On a retrouvé Robbie le soir au Bay Owl, mais côté pub, pas côté restau. Et ma foi, c’est un super moment que j’ai passé avec tout un groupe d’Ecossais ce soir-là
Une autre moto improbable croisée plus à l’ouest.
Cadre de MZ |
Mais elle doit pas rouler beaucoup, celle-là
Ma moto
Ce voyage n’aurait pas pu avoir lieu sans mon fidèle destrier. Pourtant, le voyage ne s’était pas engagé dans de bonnes conditions. Parmi les surprises que j’ai eues après l’achat en mai de cette F650 GS, la dernière en date était un amortisseur fuyard diasgnostiqué deux semaines avant le départ.

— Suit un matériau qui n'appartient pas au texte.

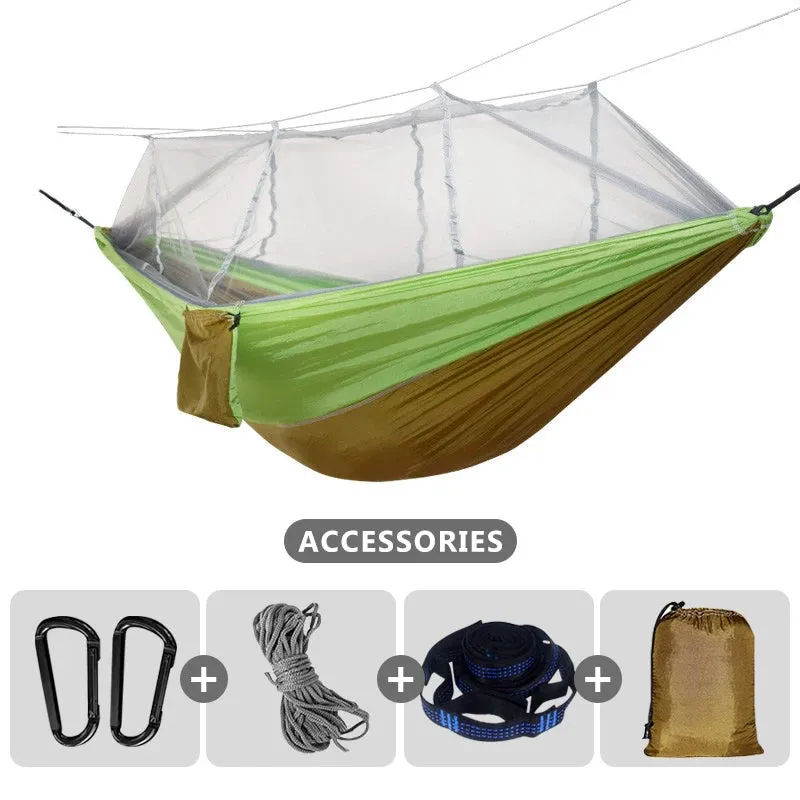 260x140cm Camping Hammock with Mosquito Net Double Travel Hanging Sleeping Bed Swing with Tree Straps for Travel Survival Garden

Trois jours avant de partir, elle était dans cet état dans mon garage.
Le cul en l’air |
Vendredi, je récupère l’amortisseur reconditionné, qui est remonté dans la foulée et testé le dimanche, pour un départ le lundi, pour la région parisienne. Ouf, timing serré. Mais je suis partie avec l’idée de la revendre dès mon retour. Sauf que…

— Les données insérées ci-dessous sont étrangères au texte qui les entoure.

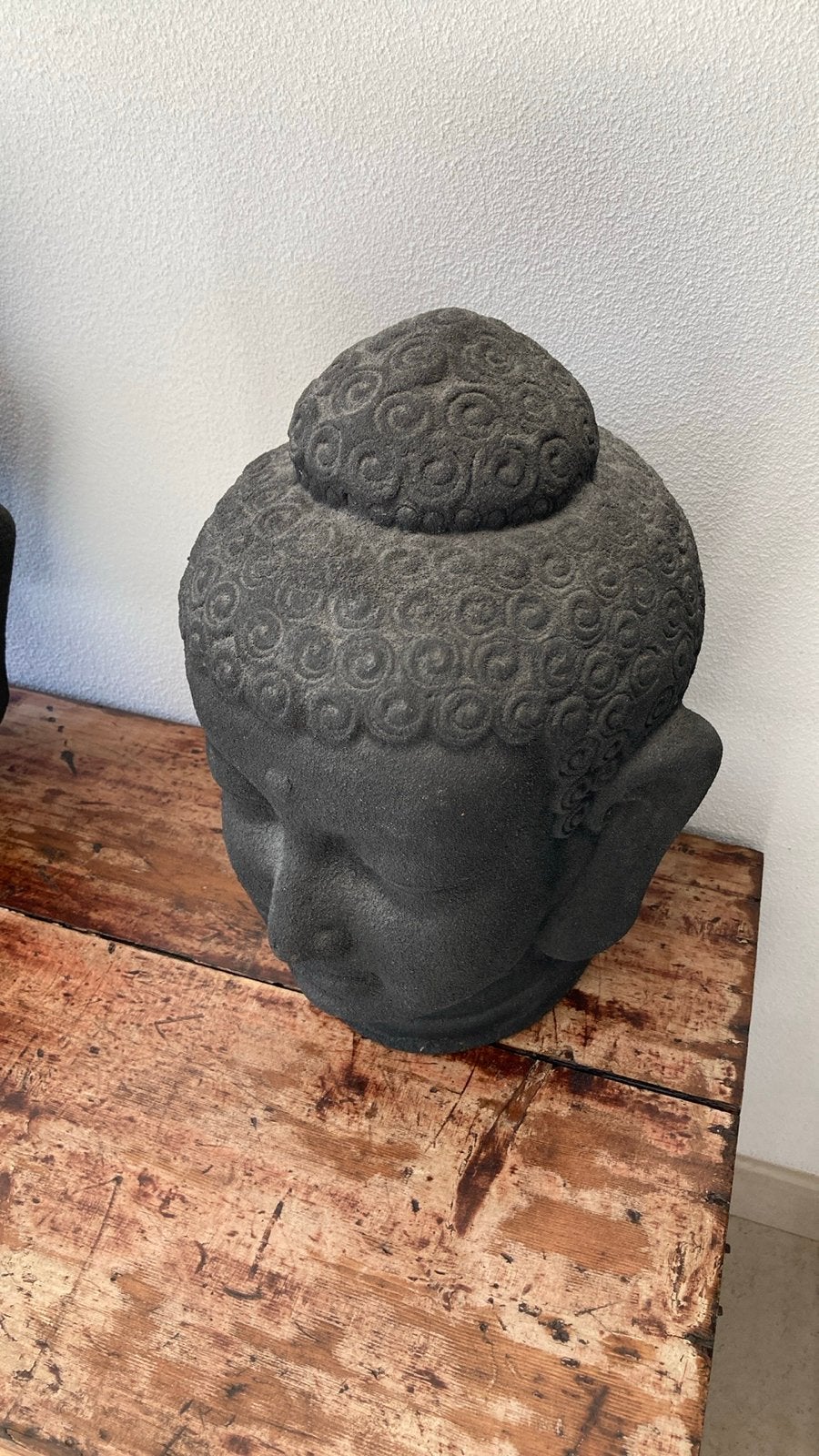 Boeddha Hoofd Beeld - Zwart Steenlook Decoratie, Ophalen of Verzenden, Zo goed als nieuw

Sur le début du voyage, j’ai enchaîné une journée de 700 km avec des journées de 400 km sans ressentir de fatigue.
Elle m’a surprise par sa capacité à me permettre de flâner, nez au vent et casque dans les nuages, sur les petites routes que j’aime tant. Elle tracte gentiment, ne ronchonne pas trop quand c’est cahotique, consomme aussi peu qu’un chameau (entre 3,3 et 3,8 l/100 km). Bref, j’ai commencé à comprendre le mode d’emploi et finalement, après avoir pesté contre cette moto, ben je commence à m’y attacher.
C’est une moto qui m’a emmenée
au bord de la mer |
voir des couchers de soleil |
camper dans des coins perdus |
Et aussi dans les petits chemins
J’étais perdue là |
et là |
A mon regret, je n’ai pas fait tant de pistes que ça, l’Ecosse n’est pas vraiment le paradis du trail pour ses chemins. Il y a en bien, et même pas mal. Mais ce sont soit des chemins pour les randonneurs et les véhicules à moteur y sont interdits. Soit des pistes privées, qui mènent généralement à des fermes isolées. Et qui dit privées dit interdites à la circulation.
Donc aujourd’hui, au lieu de chercher à revendre cette moto, je suis plutôt en train de regarder pour y accrocher des valises en prévision de prochains voyages.